CHARLOTTESVILLE, Va. -- With about 90 seconds remaining in the game, an announcement was made in Scott Stadium reminding Virginia fans they weren’t allowed to rush the field.
It was the only time they had booed all day.
About ninety seconds later, thousands of fans rushed field.
In yet another wild and unpredictable finish in the ACC, an unheralded Virginia team upset No. 12-ranked and previously undefeated Georgia Tech, 24-21. With the win, the Cavaliers single-handedly opened up the Coastal Division race, and not only helped themselves keep a hand in it, but also gave Virginia Tech’s chances a significant boost. It was a monumental win for coach Mike London in his second season, and one he hopes can be a turning point for his program. The Cavaliers are young and talented, and the recruiting has been strong, but the program had yet to put it all together for four quarters against a high-caliber opponent this season until Saturday night.

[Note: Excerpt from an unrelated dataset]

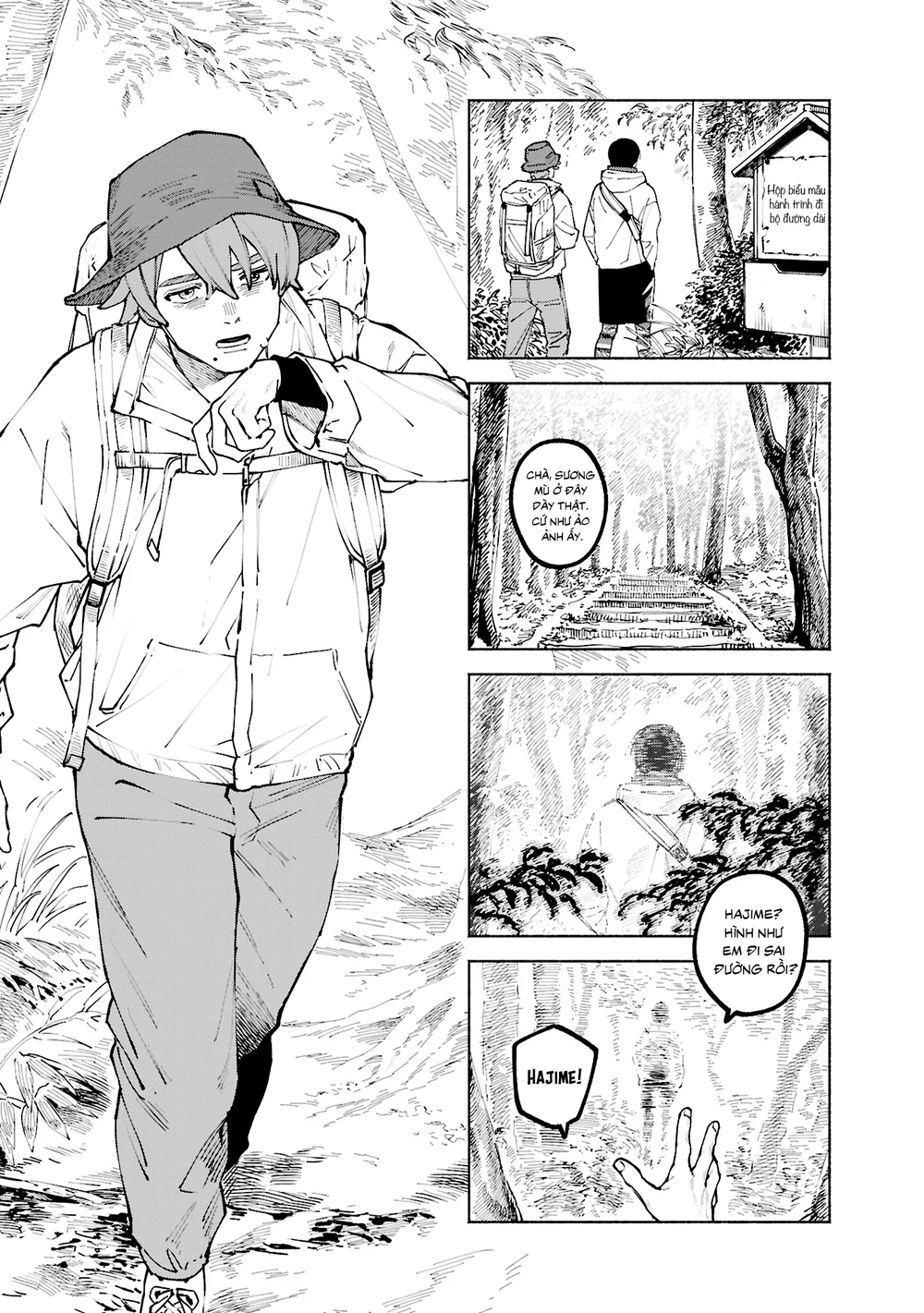 Đọc truyện Muốn Được Chết Trong Vẻ Đẹp Của Em - Chapter 10.5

When trying to put the win into perspective following the game, London paused and chose his words carefully.
“This is one of those wins that can change the perception of what you think about yourself,” he said “Last-second play against Indiana, last-second play against Idaho. This is one of those wins against a good team with a lot of accomplishments that you can try to turn the corner on about how you think about yourself, how people view your program. There’s a long season yet to play but it’s a great start to the second half of the season.”
Yes, this is the same Virginia team that needed overtime to beat Idaho and lost to Southern Miss. The difference against Georgia Tech, in large part, was the preparation. There’s no question Virginia’s bye week absolutely was a factor in the win. Georgia Tech dropped to 5-9 against FBS opponents who have had more than a week to prepare for coach Paul Johnson’s spread option offense.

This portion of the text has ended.